Problem statement: Scan the data below and pick out the lines containing the word "Premium".

Data records:
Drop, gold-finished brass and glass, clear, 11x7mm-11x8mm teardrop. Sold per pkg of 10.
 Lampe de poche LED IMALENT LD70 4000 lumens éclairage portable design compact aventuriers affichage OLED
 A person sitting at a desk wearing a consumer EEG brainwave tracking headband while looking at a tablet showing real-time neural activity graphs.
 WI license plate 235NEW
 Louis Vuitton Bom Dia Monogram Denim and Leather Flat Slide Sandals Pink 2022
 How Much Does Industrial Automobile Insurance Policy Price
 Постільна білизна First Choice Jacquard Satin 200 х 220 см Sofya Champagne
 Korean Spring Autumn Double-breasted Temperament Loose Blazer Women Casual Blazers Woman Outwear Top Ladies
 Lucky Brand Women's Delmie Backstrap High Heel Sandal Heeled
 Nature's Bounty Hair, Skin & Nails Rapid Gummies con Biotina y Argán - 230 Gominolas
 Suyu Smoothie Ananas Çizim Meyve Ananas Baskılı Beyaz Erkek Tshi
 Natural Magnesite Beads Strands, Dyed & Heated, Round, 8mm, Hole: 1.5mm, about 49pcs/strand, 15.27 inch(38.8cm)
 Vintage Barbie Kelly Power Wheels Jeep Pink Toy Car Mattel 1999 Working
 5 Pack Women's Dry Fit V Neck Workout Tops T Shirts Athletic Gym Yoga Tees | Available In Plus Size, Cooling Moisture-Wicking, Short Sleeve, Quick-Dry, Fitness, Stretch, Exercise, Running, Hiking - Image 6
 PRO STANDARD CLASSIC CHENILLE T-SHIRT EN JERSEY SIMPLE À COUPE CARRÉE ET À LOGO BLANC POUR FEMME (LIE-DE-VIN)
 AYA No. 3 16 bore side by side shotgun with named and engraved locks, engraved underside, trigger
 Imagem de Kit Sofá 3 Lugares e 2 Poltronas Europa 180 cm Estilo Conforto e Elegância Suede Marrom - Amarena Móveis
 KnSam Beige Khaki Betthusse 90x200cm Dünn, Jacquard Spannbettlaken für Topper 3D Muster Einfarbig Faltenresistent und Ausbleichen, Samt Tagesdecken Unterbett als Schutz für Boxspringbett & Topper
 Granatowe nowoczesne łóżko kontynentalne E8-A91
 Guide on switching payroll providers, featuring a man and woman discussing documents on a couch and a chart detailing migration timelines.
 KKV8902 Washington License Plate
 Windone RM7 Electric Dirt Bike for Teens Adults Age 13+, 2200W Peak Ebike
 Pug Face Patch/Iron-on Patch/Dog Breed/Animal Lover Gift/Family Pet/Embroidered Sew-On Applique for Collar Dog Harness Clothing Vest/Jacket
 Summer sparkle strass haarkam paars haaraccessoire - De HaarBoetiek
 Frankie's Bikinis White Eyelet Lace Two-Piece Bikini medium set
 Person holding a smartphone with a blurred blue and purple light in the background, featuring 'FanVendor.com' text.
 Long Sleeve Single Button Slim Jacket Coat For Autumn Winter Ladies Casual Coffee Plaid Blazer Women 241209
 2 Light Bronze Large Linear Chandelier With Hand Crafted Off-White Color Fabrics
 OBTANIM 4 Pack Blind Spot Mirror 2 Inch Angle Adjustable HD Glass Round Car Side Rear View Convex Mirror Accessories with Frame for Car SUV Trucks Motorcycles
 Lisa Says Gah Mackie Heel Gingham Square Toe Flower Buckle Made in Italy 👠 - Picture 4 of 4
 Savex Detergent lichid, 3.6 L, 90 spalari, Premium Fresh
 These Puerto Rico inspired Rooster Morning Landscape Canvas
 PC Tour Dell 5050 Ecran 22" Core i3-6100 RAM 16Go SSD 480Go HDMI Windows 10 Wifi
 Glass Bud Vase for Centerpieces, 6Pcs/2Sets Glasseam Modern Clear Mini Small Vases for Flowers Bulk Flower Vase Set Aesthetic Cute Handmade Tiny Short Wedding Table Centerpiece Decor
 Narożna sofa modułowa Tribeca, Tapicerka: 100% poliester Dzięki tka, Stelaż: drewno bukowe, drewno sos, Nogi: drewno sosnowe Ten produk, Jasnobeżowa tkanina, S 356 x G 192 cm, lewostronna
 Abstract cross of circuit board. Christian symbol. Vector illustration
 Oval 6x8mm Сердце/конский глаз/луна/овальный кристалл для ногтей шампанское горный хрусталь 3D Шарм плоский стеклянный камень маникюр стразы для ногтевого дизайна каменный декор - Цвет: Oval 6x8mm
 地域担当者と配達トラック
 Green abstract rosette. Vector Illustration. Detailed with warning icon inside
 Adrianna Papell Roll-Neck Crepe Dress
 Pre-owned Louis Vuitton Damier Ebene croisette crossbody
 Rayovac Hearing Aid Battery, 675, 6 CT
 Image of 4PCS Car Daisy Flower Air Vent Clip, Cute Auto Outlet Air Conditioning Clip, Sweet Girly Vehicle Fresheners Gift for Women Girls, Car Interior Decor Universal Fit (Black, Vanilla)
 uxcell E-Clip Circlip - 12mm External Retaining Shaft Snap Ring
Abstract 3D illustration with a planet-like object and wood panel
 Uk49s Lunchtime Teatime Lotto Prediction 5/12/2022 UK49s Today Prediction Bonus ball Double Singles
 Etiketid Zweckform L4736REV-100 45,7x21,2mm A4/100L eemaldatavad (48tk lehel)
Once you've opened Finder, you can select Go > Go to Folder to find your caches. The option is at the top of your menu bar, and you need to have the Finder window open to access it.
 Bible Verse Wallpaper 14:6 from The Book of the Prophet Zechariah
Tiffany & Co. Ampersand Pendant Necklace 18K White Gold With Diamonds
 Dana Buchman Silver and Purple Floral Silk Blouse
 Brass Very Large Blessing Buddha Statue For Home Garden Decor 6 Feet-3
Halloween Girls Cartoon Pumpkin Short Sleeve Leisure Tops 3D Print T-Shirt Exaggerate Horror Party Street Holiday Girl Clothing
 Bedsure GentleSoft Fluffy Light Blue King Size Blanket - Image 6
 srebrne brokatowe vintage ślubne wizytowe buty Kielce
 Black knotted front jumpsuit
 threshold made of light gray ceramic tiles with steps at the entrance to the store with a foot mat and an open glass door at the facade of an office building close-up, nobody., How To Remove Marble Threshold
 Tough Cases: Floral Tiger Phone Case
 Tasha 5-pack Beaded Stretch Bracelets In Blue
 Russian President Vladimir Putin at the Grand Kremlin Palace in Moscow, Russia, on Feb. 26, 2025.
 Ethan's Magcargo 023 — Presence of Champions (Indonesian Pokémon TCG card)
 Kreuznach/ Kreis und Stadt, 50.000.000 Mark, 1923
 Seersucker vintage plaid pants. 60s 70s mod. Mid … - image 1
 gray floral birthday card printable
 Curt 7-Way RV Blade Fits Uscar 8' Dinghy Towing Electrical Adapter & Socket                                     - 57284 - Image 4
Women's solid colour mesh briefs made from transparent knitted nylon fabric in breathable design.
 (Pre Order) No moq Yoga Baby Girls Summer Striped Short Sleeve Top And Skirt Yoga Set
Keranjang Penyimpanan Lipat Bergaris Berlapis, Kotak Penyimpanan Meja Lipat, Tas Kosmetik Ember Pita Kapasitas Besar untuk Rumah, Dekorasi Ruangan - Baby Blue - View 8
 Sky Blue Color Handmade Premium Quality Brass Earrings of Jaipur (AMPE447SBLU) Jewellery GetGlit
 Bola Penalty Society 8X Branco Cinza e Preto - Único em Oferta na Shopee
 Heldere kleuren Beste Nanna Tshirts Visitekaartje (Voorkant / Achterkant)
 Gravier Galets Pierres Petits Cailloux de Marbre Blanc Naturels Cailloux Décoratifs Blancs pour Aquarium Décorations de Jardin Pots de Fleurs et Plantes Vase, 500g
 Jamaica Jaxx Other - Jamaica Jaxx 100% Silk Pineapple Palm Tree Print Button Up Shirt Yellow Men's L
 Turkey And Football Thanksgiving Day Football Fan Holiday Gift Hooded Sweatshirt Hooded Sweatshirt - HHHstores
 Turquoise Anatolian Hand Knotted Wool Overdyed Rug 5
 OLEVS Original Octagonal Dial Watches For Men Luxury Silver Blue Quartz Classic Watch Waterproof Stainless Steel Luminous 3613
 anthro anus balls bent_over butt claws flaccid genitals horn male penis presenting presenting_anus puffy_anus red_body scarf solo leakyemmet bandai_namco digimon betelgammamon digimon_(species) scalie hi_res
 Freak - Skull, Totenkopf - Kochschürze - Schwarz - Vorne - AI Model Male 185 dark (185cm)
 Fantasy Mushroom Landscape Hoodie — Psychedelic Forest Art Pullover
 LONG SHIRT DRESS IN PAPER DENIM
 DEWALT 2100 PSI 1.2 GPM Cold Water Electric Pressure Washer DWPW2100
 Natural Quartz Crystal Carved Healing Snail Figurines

Answer to the exercise:
 Savex Detergent lichid, 3.6 L, 90 spalari, Premium Fresh
 Sky Blue Color Handmade Premium Quality Brass Earrings of Jaipur (AMPE447SBLU) Jewellery GetGlit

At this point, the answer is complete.